Picture from Flickr l Jack Anderson Photography
My parents are somewhere out in the great abyss right now, on their way to one of the greatest adventures they’ve ever taken. In just a few hours they will be dropped right in the middle of the swarming, sticky hub that is Southeast Asia. I imagine them stumbling off the plane, grubby after their 18 hours of flying about to be assaulted with foreign smells, heavy humidity and the dull excitement that pervades the exhaustion.
There is nothing better than getting off that airplane for the first time in a new place. On my first trip through Europe as I hurtled through countries at a breakneck speed, I remember feeling anxiety that I was rushing through it all. Never again would I have that first chance to see the city lights in Paris, party all night in Barcelona, or stumble home from the beer garden in Munich. But then I started feeling smugly protective of those first few experiences. I realized that this first trip into the great big world would be all mine, never to be marred by a fight with a traveling companion or a subsequent break up with a lover. I still feel proud of that teen aged girl who booked herself a trip for three weeks in Europe without knowing a soul and I’m forever trying to capture that sense of discovering.
That same sense of adventure I had at 18, my parents seem to be inflicted with in their fifties. Sure they are a little more unsteady and fearful as they make their way, but the commitment to discovery and leap of faith is the same. They aren’t trying to strip down the experience to expose only the safe, antiseptic parts like so many other tourists. They are willing to get dirty, be tired, get sick, be frustrated and challenge themselves. There are no four star hotels on their itinerary, instead they are following our meandering path through budget accommodations and street food recommendations.

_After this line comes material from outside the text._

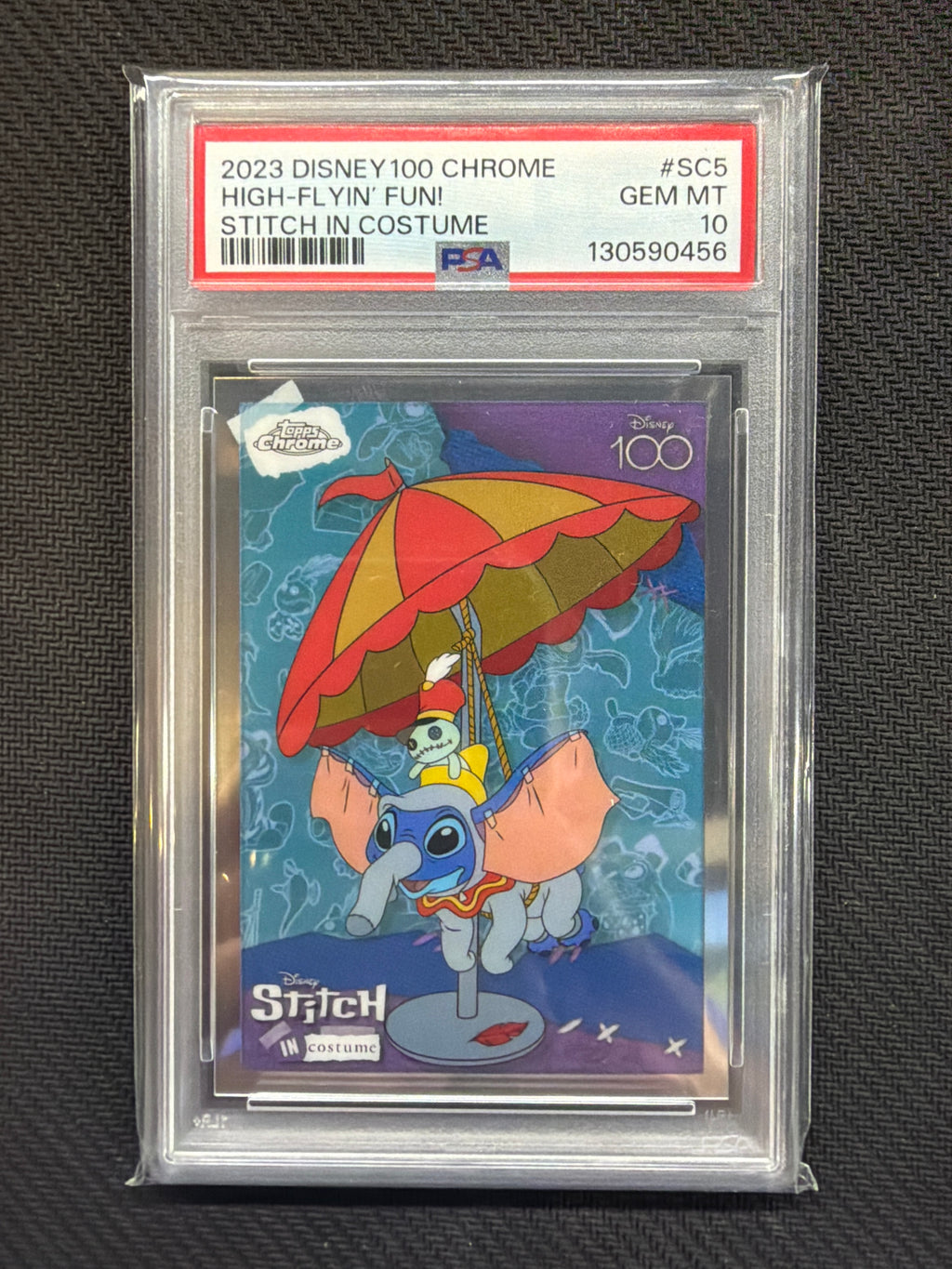 2023 Topps Chrome Disney 100 High-Flyin' Fun! Stitch In Costume PSA 10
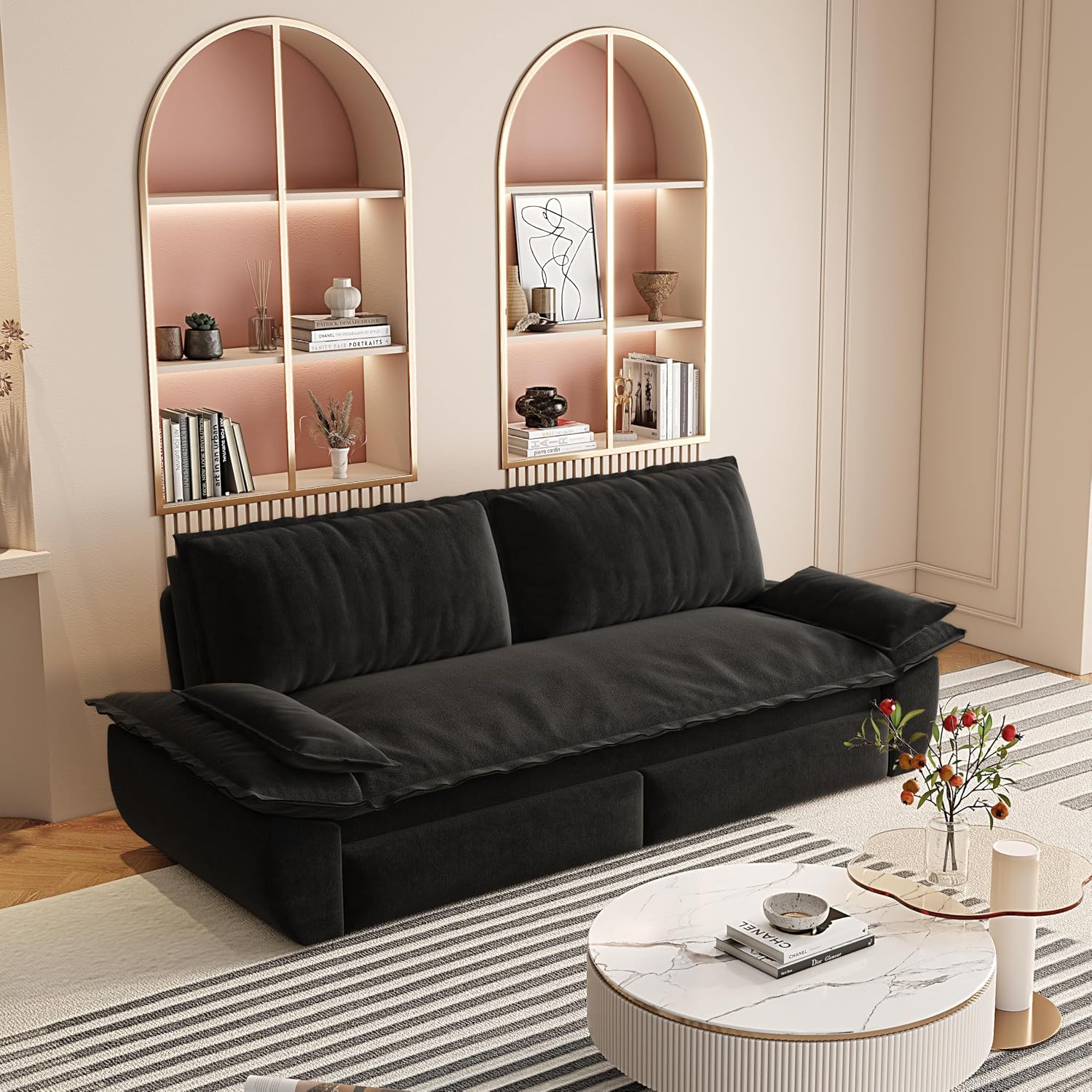 73.2' Oversized Convertible Loveseat Sleeper Sofa Bed for Living Room Queen Size Pull Out Sofabed, 3 in 1 Cloud Upholstered Pullout Lounge Sofa Couch with Pillow-top Armrest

I admit I pushed them a little so I now take full responsibility for their well being. They expressed interest in a few places I had been, mainly South America, Africa or Southeast Asia. At first I thought South America would be a perfect trip for them. With the amazing food, great adventure and the relative ease of travel, I could guarantee they would have an amazing time. They seemed interested in Africa but it has been awhile since my trip there and I wasn’t positive it was the right choice. When my dad began to show interest in Southeast Asia, I began to get really excited. Roem and I had come back from our trip there last year changed forever by the people, the culture and the experience. I began to sketch out an itinerary and work on a budget.
We began to work on some possible routes and connections, trying to get them everywhere they wanted to be in only two short weeks. This is the kind of challenge I thrive on and we spent hours researching modes of transportation and destinations. My dad was especially interested in Vietnam so I added Hanoi to their itinerary. We took out the four day trek Roem and I barely survived (okay that was just me) and swapped out Luang Prabang for a few days in Hanoi and one more day in Saigon. My mom replaced out a few of our more “primitive” hotels and did a ton of research on the destinations, learning every useful tip on the internet.
I still worried about my dad. See, he prefers more “Americanized” food than the more adventurous females in his family. Our suggestions of Thai or Vietnamese restaurants are usually met with a grimace of distaste and a suggestion for Italian. But to my surprise he fully embraced the challenge. He did a ton of research on Travelfish and watched every episode of House Hunters International and No Reservations with Anthony Bourdain ever filmed in Asia. He bookmarked websites, took notes and has become basically the most informed traveler I have ever come across.
I admit my eyes tear up just thinking of them decked out in wick away shirts and matching khaki pants with their rolling duffles about to plunge headfirst into Bangkok. I am just so PROUD of them. I wish I was there to hold my Mom’s hand when she freaks out on her first tuk tuk ride or take a walk with my Dad at the crack of dawn when he can’t sleep because of jetlag. I want to be there to help them order the perfect plate of steaming noodles or exclaim over the cheap price of a huge bottle of Chang beer. I even want to bring them back some coconut water when they puke their guts out after some bad food (fingers crossed that doesn’t happen). But this is their trip. They know it inside and out and are ready for whatever comes their way.
My parents truly embody the spirit here at White Picket Passport as there is really no time like the present to get out there and experience the world. I plan to keep you all updated on their travels and will do my best to persuade both of them to write a guest post.
“Twenty years from now you will be more disappointed by the things you didn’t do than by the ones you did do. So throw off the bowlines, sail away from the safe harbor. Catch the trade winds in your sails. Explore. Dream. Discover.”
– Mark Twain
We love you Mom and Dad! Bon Voyage.